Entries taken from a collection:
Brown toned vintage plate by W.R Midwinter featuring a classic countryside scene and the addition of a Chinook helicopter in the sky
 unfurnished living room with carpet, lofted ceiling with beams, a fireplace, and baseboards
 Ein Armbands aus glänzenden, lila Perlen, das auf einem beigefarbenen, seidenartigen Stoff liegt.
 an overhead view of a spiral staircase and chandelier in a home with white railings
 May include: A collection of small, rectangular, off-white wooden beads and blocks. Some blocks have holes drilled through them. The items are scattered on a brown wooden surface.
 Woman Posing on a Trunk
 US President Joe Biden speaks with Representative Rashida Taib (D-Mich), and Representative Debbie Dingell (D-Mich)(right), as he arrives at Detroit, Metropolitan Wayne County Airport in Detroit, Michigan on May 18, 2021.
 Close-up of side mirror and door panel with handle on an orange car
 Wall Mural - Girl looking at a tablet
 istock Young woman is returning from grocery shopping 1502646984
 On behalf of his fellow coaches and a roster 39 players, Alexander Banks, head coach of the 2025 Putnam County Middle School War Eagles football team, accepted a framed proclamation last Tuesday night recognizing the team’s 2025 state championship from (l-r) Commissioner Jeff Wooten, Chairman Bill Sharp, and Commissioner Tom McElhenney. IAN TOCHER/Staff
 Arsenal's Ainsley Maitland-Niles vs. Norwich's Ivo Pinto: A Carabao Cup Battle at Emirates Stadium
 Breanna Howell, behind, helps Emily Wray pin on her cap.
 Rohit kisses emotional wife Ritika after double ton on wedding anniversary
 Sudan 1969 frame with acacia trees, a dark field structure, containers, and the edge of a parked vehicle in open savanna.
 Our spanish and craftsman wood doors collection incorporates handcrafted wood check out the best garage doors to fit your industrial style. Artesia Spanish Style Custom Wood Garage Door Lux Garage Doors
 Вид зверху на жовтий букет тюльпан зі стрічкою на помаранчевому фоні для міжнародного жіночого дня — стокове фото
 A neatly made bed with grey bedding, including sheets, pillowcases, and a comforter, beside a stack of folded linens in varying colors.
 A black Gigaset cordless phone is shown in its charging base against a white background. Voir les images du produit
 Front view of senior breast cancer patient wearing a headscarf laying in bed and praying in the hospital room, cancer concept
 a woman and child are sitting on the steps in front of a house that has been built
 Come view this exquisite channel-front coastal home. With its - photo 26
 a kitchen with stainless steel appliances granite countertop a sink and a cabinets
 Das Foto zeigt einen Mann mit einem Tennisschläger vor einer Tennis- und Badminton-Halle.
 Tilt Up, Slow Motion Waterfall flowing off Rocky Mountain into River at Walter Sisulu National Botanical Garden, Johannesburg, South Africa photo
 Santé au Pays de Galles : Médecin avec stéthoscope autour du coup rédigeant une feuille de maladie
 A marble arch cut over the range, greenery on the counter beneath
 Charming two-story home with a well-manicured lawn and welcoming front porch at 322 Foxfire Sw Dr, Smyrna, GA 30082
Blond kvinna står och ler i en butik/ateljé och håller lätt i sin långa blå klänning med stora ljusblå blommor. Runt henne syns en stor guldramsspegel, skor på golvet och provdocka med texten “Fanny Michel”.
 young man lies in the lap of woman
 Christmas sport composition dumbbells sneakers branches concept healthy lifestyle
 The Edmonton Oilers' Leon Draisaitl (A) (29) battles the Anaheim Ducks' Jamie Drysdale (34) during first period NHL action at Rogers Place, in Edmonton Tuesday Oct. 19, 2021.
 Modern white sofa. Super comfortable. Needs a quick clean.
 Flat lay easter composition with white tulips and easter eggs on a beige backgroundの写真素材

Task:
Look above for the line containing "Wall Mural - Girl looking at a tablet". Output from there through the line containing "Вид зверху на", exactly and inclusively.

Written response:
 Wall Mural - Girl looking at a tablet
 istock Young woman is returning from grocery shopping 1502646984
 On behalf of his fellow coaches and a roster 39 players, Alexander Banks, head coach of the 2025 Putnam County Middle School War Eagles football team, accepted a framed proclamation last Tuesday night recognizing the team’s 2025 state championship from (l-r) Commissioner Jeff Wooten, Chairman Bill Sharp, and Commissioner Tom McElhenney. IAN TOCHER/Staff
 Arsenal's Ainsley Maitland-Niles vs. Norwich's Ivo Pinto: A Carabao Cup Battle at Emirates Stadium
 Breanna Howell, behind, helps Emily Wray pin on her cap.
 Rohit kisses emotional wife Ritika after double ton on wedding anniversary
 Sudan 1969 frame with acacia trees, a dark field structure, containers, and the edge of a parked vehicle in open savanna.
 Our spanish and craftsman wood doors collection incorporates handcrafted wood check out the best garage doors to fit your industrial style. Artesia Spanish Style Custom Wood Garage Door Lux Garage Doors
 Вид зверху на жовтий букет тюльпан зі стрічкою на помаранчевому фоні для міжнародного жіночого дня — стокове фото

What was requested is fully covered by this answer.